CMAQ funds will be distributed to municipalities to support local projects, which include upgrading traffic signal technology and the installation of electric vehicle (EV) charging stations. Modernized traffic signals use real-time traffic information to accommodate changing traffic patterns, which reduces unnecessary idling at traffic lights.
“These strategic investments will not only help eliminate traffic bottlenecks in certain communities and buildout electric vehicle chargers in others, but they will also help move Connecticut towards cleaner air and a cleaner transportation system,” Governor Lamont said. “Technology in transportation can help unlock climate solutions for our state. By reducing air pollution in communities most impacted by its harmful effects, we can better deliver transportation equity and ultimately, better health outcomes for the people of Connecticut.”
“With expanded access to electric vehicle charging stations and increased use of adaptive traffic signals across the state, we are confronting climate change with actionable projects that will help reduce carbon emissions,” Connecticut Department of Transportation Commissioner Joseph Giulietti said. “These projects represent the future. We remain committed to using technology and innovative solutions to have a cleaner, more equitable, and resilient transportation system for all people across Connecticut.”

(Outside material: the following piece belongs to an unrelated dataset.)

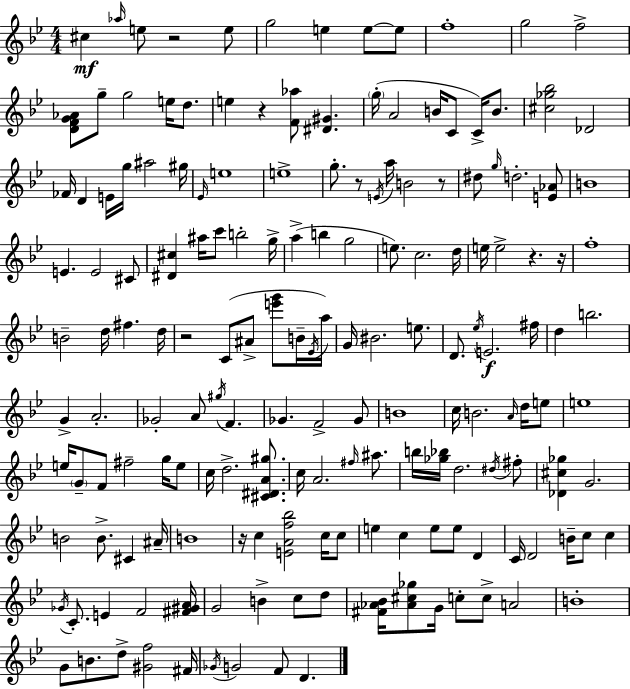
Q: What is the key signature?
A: BES major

“These projects are a very welcome addition to our effort to reduce emissions from our transportation sector, the largest contributor to our state’s greenhouse gas emissions, and responsible for over 67% of smog-forming air pollution in Connecticut, at a time when we need to take meaningful action to reduce emissions and improve our air quality,” Connecticut Department of Energy and Environmental Protection Commissioner Katie Dykes said. “These projects build on other clean transportation efforts undertaken by the Lamont administration, such as the recent distribution of Volkswagen settlement funds toward electric projects – including 43 electric school buses – all in environmental justice communities. The interest we’ve seen in these projects show that municipalities in our state are eager to implement projects that support our transition to a clean transportation future. I am grateful to Governor Lamont, the Connecticut Department of Transportation, and our municipal partners for moving these critically important projects forward.”
CTDOT solicits municipal projects for the federal CMAQ program through the state’s metropolitan planning organizations and rural councils of governments, and awards funding based on project eligibility. The following communities are recipients:
- Ansonia: $427,600 for non-automobile transportation and EV charging in the town’s transit-oriented development train station enhancement project.

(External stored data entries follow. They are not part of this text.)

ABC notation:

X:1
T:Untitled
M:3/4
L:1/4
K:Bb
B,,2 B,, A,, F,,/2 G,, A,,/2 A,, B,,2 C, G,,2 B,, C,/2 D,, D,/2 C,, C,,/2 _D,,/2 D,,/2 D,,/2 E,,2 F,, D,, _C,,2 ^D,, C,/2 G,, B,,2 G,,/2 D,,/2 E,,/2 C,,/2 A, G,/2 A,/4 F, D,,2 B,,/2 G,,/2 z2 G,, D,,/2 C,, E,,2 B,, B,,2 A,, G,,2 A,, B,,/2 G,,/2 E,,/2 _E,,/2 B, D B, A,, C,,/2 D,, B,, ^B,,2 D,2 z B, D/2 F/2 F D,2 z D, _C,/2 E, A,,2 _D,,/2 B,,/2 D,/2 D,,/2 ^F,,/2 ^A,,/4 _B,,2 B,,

- Bridgeport: $4,000,000 to improve traffic flow, reduce delay, and alleviate congestion along the Park Avenue corridor.
- Bristol: $3,370,500 to improve traffic operations with better traffic signal timing and pedestrian crossings in the downtown area in anticipation of Depot Square development.
- Canton: $40,000 to install six dual EV charging stations for residents, school employees, students, and visitors.
- Danbury: $1,250,000 to provide signal coordination improve traffic flow, reduce congestion and delays along State Route 39 and State Route 53 (Main Street and Osbourne Street).
- Greenwich: $4,000,000 to install adaptive signal control technology to adjust signal timing on Route 1 within the town boundary.
- Hamden: $3,789,037 to update substandard and antiquated traffic signal equipment.
- Norwalk: $3,401,850 to continue upgrading the remaining outdated traffic signals, extending the adaptive traffic control system, adding the traffic signal priority and concurrent pedestrian phase.
- Stamford: $3,375,000 to upgrade old signal equipment at six intersections that are within existing city signal systems.
- West Hartford: $20,952 to support the purchase of the town’s first EV vehicles and charging station at the Town Hall for public use.